Homemorphism from projective plane and Moebius strip

Question

I am looking for an explicit homeomorphism from

$ \mathbb{R} P^2=\mathbb{S}^2/(x \sim -x) $

to

$M/ \partial M$ with M the Moebius strip and $\partial M$ its boundary.

Answer 1

If you want to be explicit, then this depends on how you think of $M$. Since you think of it as having a boundary, perhaps you think of it as $M = ([0,1] \times [0,1])/((0,y) \sim (1,1-y))$. Then $M \setminus \partial{M} = ([0,1] \times {]0,1[})/((0,y) \sim (1,1-y))$. If so, then an explicit map is obtained as follows:

First, replace $[0,1]$ with $[0,\pi]$ using $x \mapsto \pi x$. Then replace $[0,\pi]$ with the top half of the unit circle in the complex plane using $\theta \mapsto \mathrm{e}^{\mathrm{i}\theta}$. Also, replace ${]0,1[}$ with ${]0,\infty[}$ using $y \mapsto y/(1-y)$. Finally, use $(u,r) \mapsto r u$ so that what used to be $[0,1] \times {]0,1[}$ is now the upper half of the complex plane, including the real axis, minus the origin. The identification $(0,y) \sim (1,1-y)$ is now $y/(1-y) \sim -(1-y)/y$ (for $y \in {]0,1[}$). Or taking $t$ to be any nonzero real number, it's $t \sim -1/t$.

Now think of $M \setminus \partial{M}$ as the entire complex plane (minus the origin) modulo $z \sim -1/\bar{z}$. This extends the above identification along the real line and also identifies the top half of the plane with the bottom half. If we interpret this formula liberally, it also identifies the missing origin with a missing point at infinity. If you throw in those points, then you get the Riemann sphere, which can be interpreted as $S^2$ using stereographic projection: $$ z \mapsto \left( \frac{2\,\Re{z}}{|z|^2+1}, \frac{2\,\Im{z}}{|z|^2+1}, \frac{|z|^2-1}{|z|^2+1} \right) .$$ The identification $z \sim -1/\bar{z} = -z/|z|^2$ indeed becomes $\mathbf{x} \sim -\mathbf{x}$. (Also, the missing points $0$ and $\infty$ become $(0,0,-1)$ and $(0,0,1)$, which are indeed identified.)

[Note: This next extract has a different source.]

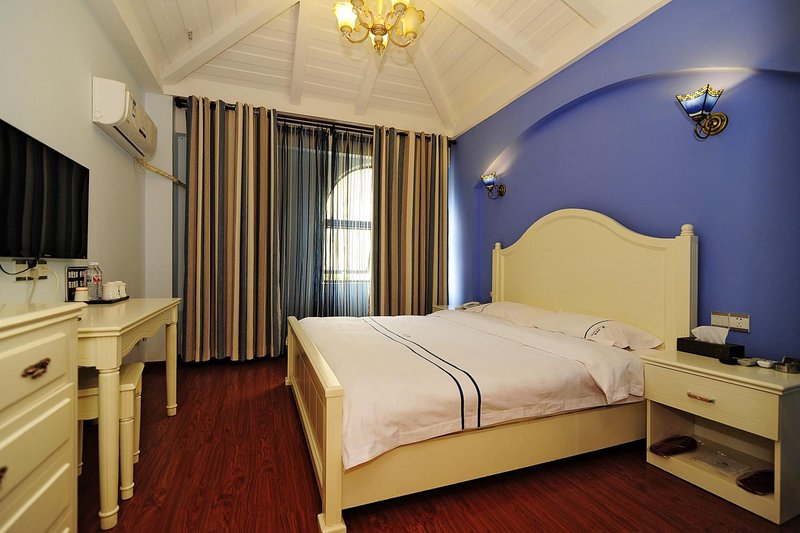 Solo HotelGuest Room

So in the end, given $(x,y) \in [0,1] \times {]0,1[}$, we have $\theta = \pi x$, then $u = \mathrm{e}^{\mathrm{i} \theta} = \mathrm{e}^{\pi \mathrm{i} x}$, also $r = y/(1-y)$, then $z = u r = \mathrm{e}^{\pi \mathrm{i} x} y/(1-y)$, which is identified with $-1/\bar{z} = -\mathrm{e}^{\pi \mathrm{i} x} (1-y)/y$, which finally becomes $$ \mathbf{x} = \left( \frac{2\,\Re{z}}{|z|^2+1}, \frac{2\,\Im{z}}{|z|^2+1}, \frac{|z|^2-1}{|z|^2+1} \right) = \left( \frac{2 \cos(\pi x) y (1-y)}{y^2 + (1-y)^2}, \frac{2 \sin(\pi x) y (1-y)}{y^2 + (1-y)^2}, \frac{y^2 - (1-y)^2}{y^2 + (1-y)^2} \right) ,$$ which is identified with $$ -\mathbf{x} = \left( \frac{-2 \cos(\pi x) (1-y) y}{(1-y)^2 + y^2}, \frac{-2 \sin(\pi x) (1-y) y}{(1-y)^2 + y^2}, \frac{(1-y)^2 - y^2}{(1-y)^2 + y^2} \right) .$$

While this is going on, the boundary $\partial{M} = [0,1] \times \{0,1\}$, with $(0,0) \sim (1,1)$ and $(0,1) \sim (1,0)$, collapses to $(0,0,-1)$ and $(0,0,1)$, which are identified. More specifically, $[0,1] \times \{0\}$ collapses to $(0,0,-1)$ and $[0,1] \times \{1\}$ collapses to $(0,0,1)$. So $\partial{M}$ collapses to a single point in $\mathbb{R}P^2 = S^2/(\mathbf{x} \sim -\mathbf{x})$.

Therefore, $M/\partial{M} \cong \mathbb{R}P^2$.